O senhor já o conhecia antes de se tornar Papa?
Não, nunca tive contato com ele. Sei que, na Argentina, havia apresentado alguns livros de Giussani. Mas, sentimos, com ele, uma sintonia particular, uma forte sintonia. Primeiro, pela centralidade de Cristo sobre a qual o Papa insistiu tanto nesses meses. Pelo seu grande desejo de que o anúncio de Cristo alcance a cada homem. E depois Francisco insiste sobre aquelas que ele chama de periferias existenciais. Nós nascemos nos ambientes, por assim dizer, “normais” do viver, na cotidianidade na qual a vida se joga. Nós desejamos ver que a fé é capaz de entrar na realidade de todas as coisas, e de mostrar toda a sua potência de mudança.
E parece ao senhor que este Papa também insista sobre uma “centralidade” semelhante?
Certamente! A sua insistência sobre o fato de que é essencial anunciar Cristo indica um método para a Igreja. Neste momento, ele sustenta como crucial que todos os homens possam ser alcançados pelo abraço de Cristo.
Tento traduzir numa linguagem que talvez é muito “de vocês”. O senhor está dizendo: tal como Giussani, também Bergoglio anuncia o cristianismo não como uma moral, mas como um fato.
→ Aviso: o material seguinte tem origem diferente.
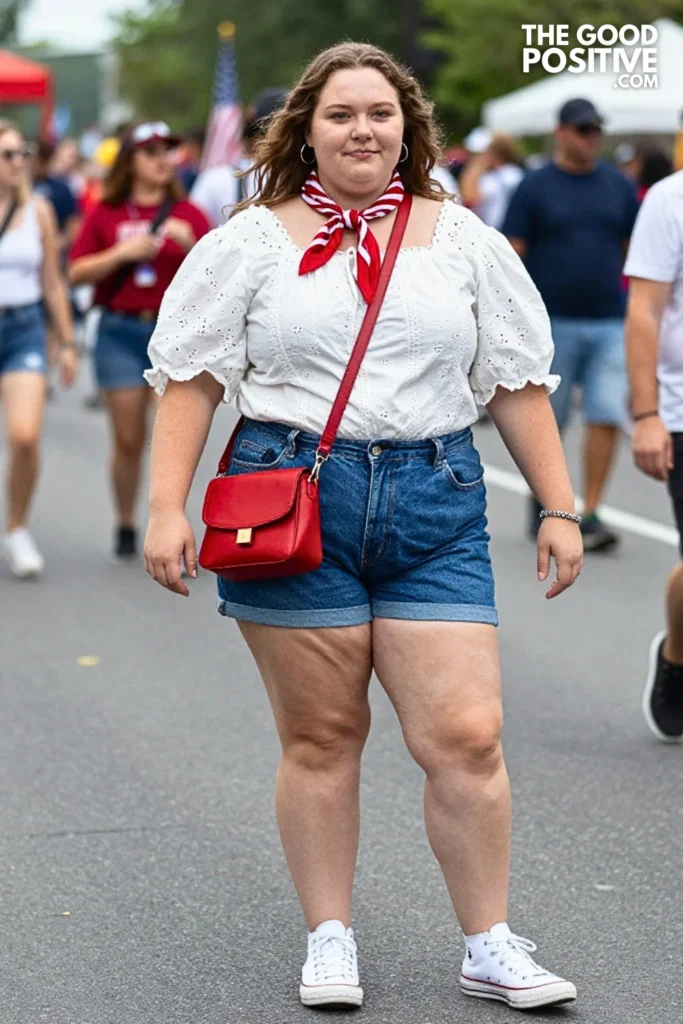 White Eyelet Top With Denim Shorts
Exato. De todas as coisas das quais é possível partir, ele escolheu uma que me parece crucial. O anúncio do cristianismo como um fato que aconteceu e que acontece sempre foi uma característica nossa. Mas, fique atento: não estou dizendo que este Papa segue CL. Pelo contrário, digo que escutamos Francisco como um forte chamado de atenção para a conversão; para que vivamos sempre mais esta essencialidade que é Cristo.
É verdade que Francisco agrada também bastante aos não crentes?
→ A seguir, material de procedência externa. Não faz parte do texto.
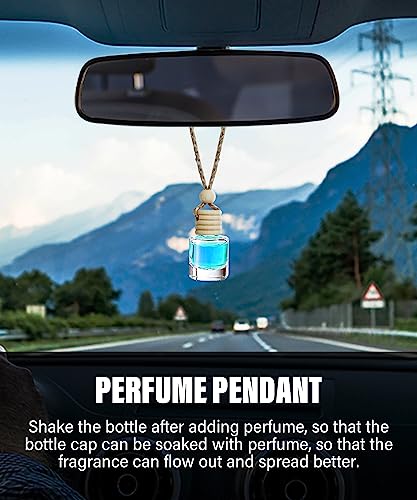 ESEWALAS 5Pcs Hanging Car Air Freshener,8ml Car Hanging Diffuser,Empty Glass Perfume Bottles Oil Diffuser Perfume Aromatherapy Pendant Bottle,Air Freshener Diffuser Bottle Pendant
Sim, é um fato novo que fala da necessidade que as pessoas têm de encontrar, no momento histórico que estamos vendo, uma pessoa que desperte uma esperança.
Alguns católicos críticos dizem: agrada ao mundo porque o apoia.
Não me parece exatamente que busque agradar ao mundo apoiando-o.
Dizem: reduziu a figura do Pontífice, não mantém mais as distâncias com o povo.
Mas, Jesus não mantinha as distâncias! Estava no meio da briga! Se há um Deus não distante é o Deus da encarnação. Fez-Se homem para se tornar como nós e para estar no meio de nós.
Outra crítica: se faz de “pobrista” para ter o aplauso do mundo progressista.
Francisco tem gestos de ruptura e de pobreza. Mas não é uma postura: ele é assim. Sempre viveu no meio das pessoas, nas periferias.
Há necessidade de limpeza na Igreja?
Não sei como as coisas realmente estão. Mas, que exista um desejo de mudança para colocar aquela grande estrutura que é a Igreja a serviço da evangelização, é um fato. De outro lado, a Igreja é, por definição, semper reformanda.
O senhor não acha que a mídia esteja banalizando Papa Francisco?
O risco de reduzir o alcance de uma figura assim está sempre à espreita. Mas, penso que o fato a que estamos assistindo seja muito mais importante do aquele que uma estratégia jornalística qualquer seria capaz de produzir.
Padre Carrón, há apenas duas semanas, em Roma, dois Papas canonizaram outros dois Papas. Pareceu um momento triunfal. E, no entanto, muitos católicos observam que aquele triunfo esconde uma mediocridade, um cansaço na vida de todos os dias da Igreja.
Sim, pode ser que existam mediocridade e cansaço. Mas, a situação atual não é menos favorável para o anúncio cristão para uma humanidade que é “ferida”, como disse Francisco. Tudo dependerá se nós acolhermos o dom que Cristo nos fez com este Papa, para poder segui-lo e oferecer uma esperança a tantas pessoas que estão esperando uma luz no escuro.
Última pergunta, Padre Carrón. O senhor já pensou alguma vez que estaria numa Igreja com dois Papas?
A demissão de Bento XVI foi um choque também, é inútil negá-lo. Mas, a convivência entre dois Papas, que parecia poder ser um perigo, revelou-se, pelo contrário, um testemunho de comunhão que a todos surpreendeu, maravilhou. Não apenas pela discrição de Bento XVI, mas também pela forma como Francisco o encorajou a participar da vida da Igreja. O êxito disso é algo que sempre carregaremos nos olhos e que documento uma grande liberdade.